_Assignment:_ The answer must reproduce every record exactly, with all pictures omitted.

#### Exercise data ####

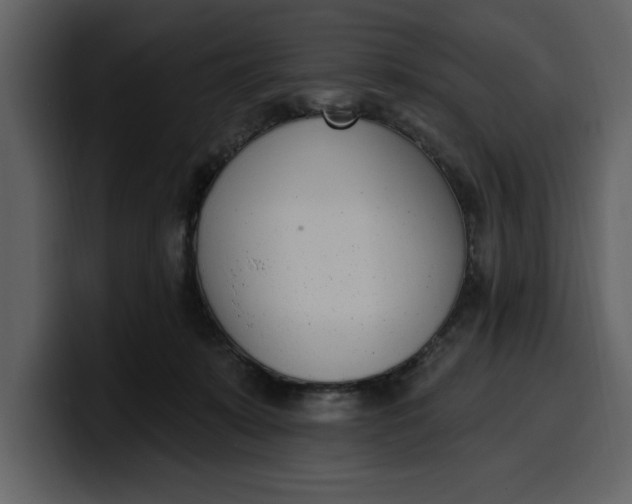 X0000100320319200806191009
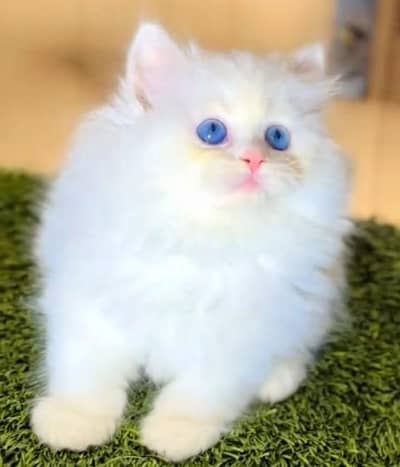 Quality Persian Punch Face Cats & Kittens 03094016734 WhatsApp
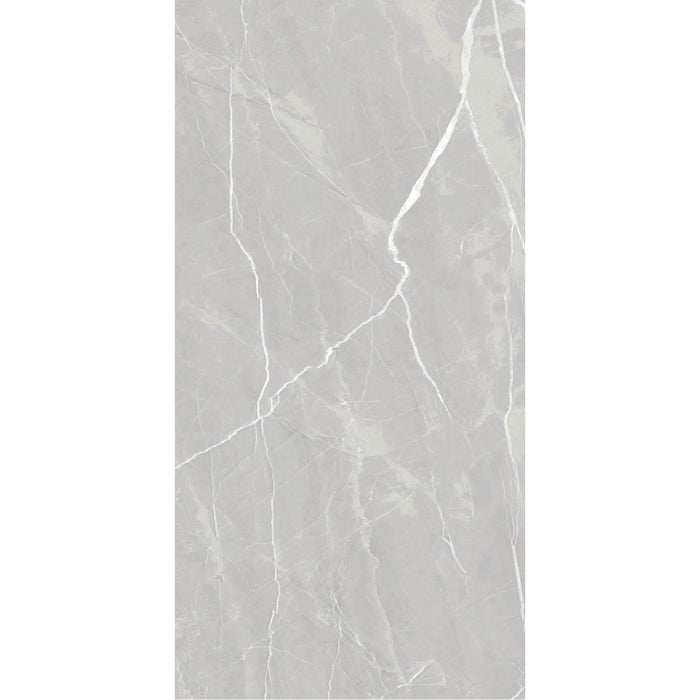 ( طلب مسبق )  بورسلين بورسيلوكس P 3002 دارك جراي فرز اول 60 × 120 سم لامع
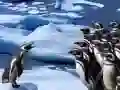 Joc Alunecarea Pinguinilor on-line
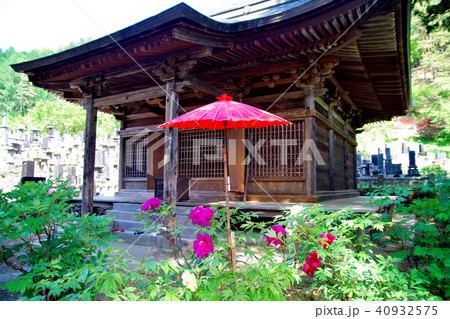 牡丹　牡丹寺 40932575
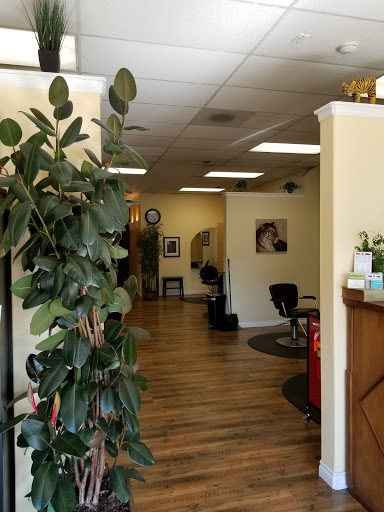 Beauty Salon «Mane St Salon», reviews and photos, 15420 Main St NE, Duvall, WA 98019, USA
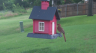 /Birds//Thumbs//found20250618-075441.png 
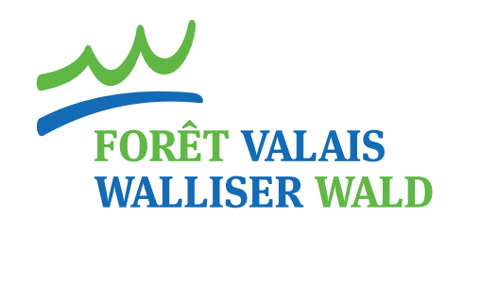 Foret_Valais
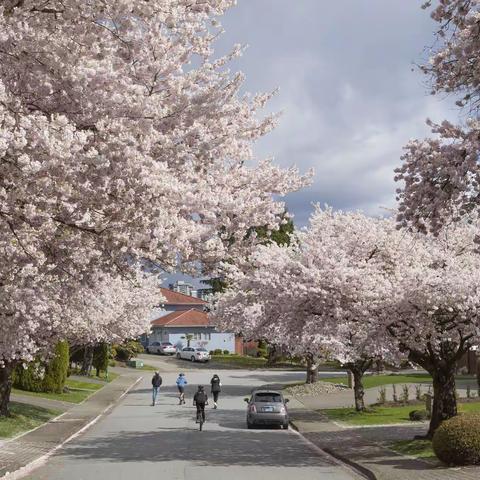 2021 樱之花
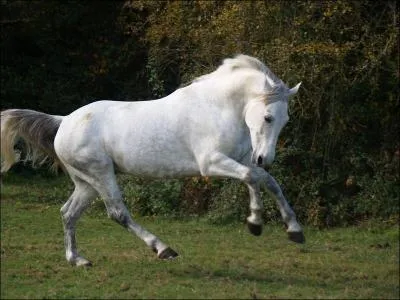 Ce poney gris est un ...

####

_Answer to this exercise:_
 X0000100320319200806191009
 Quality Persian Punch Face Cats & Kittens 03094016734 WhatsApp
 ( طلب مسبق )  بورسلين بورسيلوكس P 3002 دارك جراي فرز اول 60 × 120 سم لامع
 Joc Alunecarea Pinguinilor on-line
 牡丹　牡丹寺 40932575
 Beauty Salon «Mane St Salon», reviews and photos, 15420 Main St NE, Duvall, WA 98019, USA
 /Birds//Thumbs//found20250618-075441.png 
 Foret_Valais
 2021 樱之花
 Ce poney gris est un ...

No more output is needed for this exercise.